In 1993, Miyake introduced Pleats Please, the collection for which he is best known. He had been experimenting for two years to develop a heat-pressing technique to iron permanent pleats into polyester jersey — to achieve the effect, the fabric is cut and sewn at twice the size of the final accordion-pleated garment — and created a full collection of unmussable clothing. (Fortuny’s famous pleats will eventually go slack, a Miyake hand once whispered to me, but not Issey’s. His are even machine washable.) Like the tectonically plated Bao Bao bag, another signature, Miyake’s pleats have been a reliable mainstay, even among fickle fashion types. A men’s pleats collection, Homme Plissé, was introduced in 2013.
As other houses went through acquisitions and ownership dramas, Miyake Design Studio remained independently owned, allowing Miyake the freedom to guide its destiny — and personally sign off on every item, even after he stepped back from the day-to-day management of design — and to collaborate with like-minded artists, like the great photographer Irving Penn, who published a monograph of his photos of Miyake’s work, and Shiro Kuramata, the late Japanese architect and industrial designer who designed some of Miyake’s early stores and the bottles for some of his perfumes.

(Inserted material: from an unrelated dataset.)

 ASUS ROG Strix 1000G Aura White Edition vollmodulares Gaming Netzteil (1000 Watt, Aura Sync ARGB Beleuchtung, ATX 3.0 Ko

Frank Gehry, the Pritzker-winning architect, designed both the space and the crushed-metal sculptures for Miyake’s Tribeca store, which opened in 2001.

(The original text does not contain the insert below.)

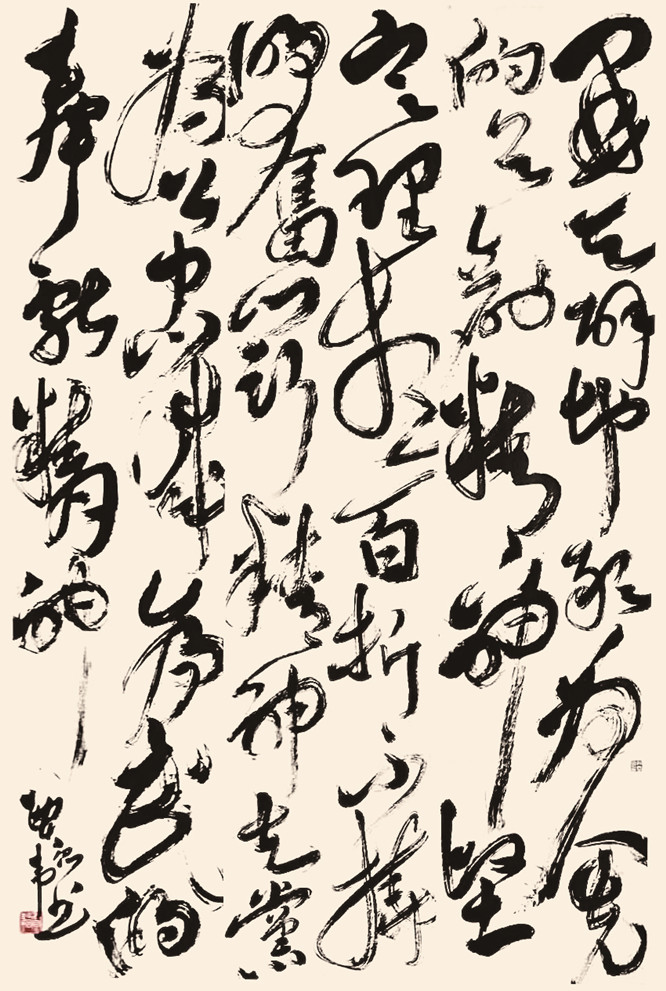 1贾韬  草书，红船精神，250x190cm_副本.jpg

Miyake believed in the human connection between people and their clothes — “I believe in a human being and a piece of cloth,” he would say — and the joy of wearing them. (Fuku, the Japanese word for “clothing,” his company liked to point out, also puns on “fun.”) But apart from his friends, colleagues, and studio, Miyake left no immediate survivors. According to Miyake Design Studio, there will be no funeral or memorial service.